#### DESCRIPTION OF THE TASK
Go to the line below containing "Hello everyone, my" and print exactly from there through the line containing "The injection pressures", both included. Print nothing else.

#### SUPPLIED RECORDS
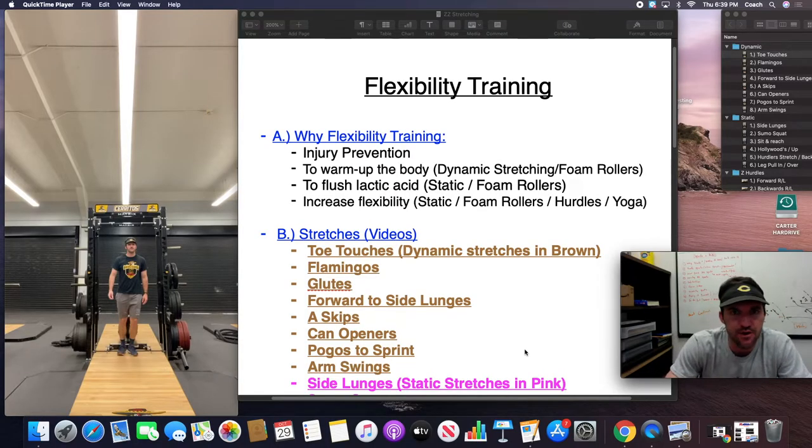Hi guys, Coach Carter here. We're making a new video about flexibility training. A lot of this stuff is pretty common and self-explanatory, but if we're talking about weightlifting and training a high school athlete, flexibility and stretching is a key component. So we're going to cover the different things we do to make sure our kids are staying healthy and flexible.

--

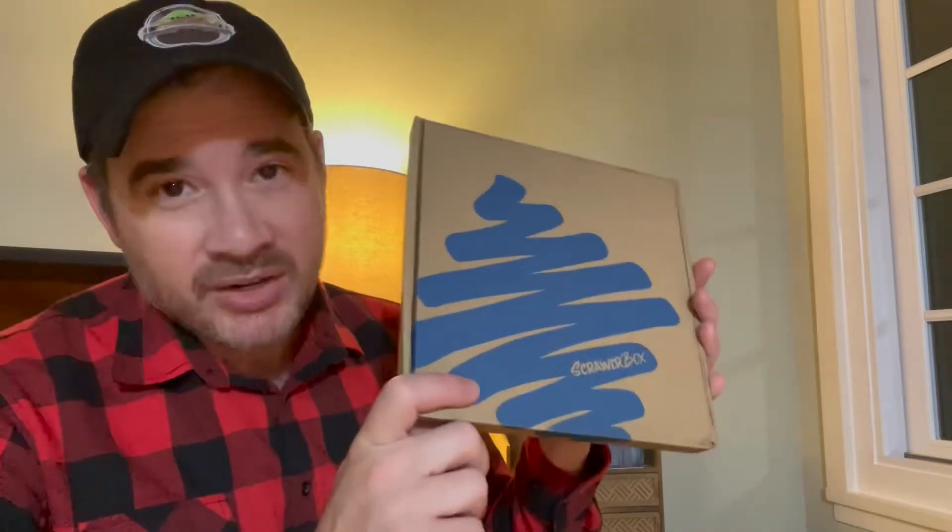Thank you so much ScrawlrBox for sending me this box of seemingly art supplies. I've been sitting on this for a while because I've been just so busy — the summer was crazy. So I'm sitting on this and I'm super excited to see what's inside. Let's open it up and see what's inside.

---

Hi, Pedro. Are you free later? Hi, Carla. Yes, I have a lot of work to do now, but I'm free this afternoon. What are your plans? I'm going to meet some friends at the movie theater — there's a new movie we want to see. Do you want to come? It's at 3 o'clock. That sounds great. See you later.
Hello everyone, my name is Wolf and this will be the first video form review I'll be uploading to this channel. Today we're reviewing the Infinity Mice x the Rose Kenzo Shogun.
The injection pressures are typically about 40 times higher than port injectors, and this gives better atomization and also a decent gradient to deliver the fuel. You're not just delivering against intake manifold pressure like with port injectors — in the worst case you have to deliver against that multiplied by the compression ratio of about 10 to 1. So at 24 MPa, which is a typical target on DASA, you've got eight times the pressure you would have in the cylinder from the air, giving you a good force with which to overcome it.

#### EXPECTED OUTPUT
Hello everyone, my name is Wolf and this will be the first video form review I'll be uploading to this channel. Today we're reviewing the Infinity Mice x the Rose Kenzo Shogun.
The injection pressures are typically about 40 times higher than port injectors, and this gives better atomization and also a decent gradient to deliver the fuel. You're not just delivering against intake manifold pressure like with port injectors — in the worst case you have to deliver against that multiplied by the compression ratio of about 10 to 1. So at 24 MPa, which is a typical target on DASA, you've got eight times the pressure you would have in the cylinder from the air, giving you a good force with which to overcome it.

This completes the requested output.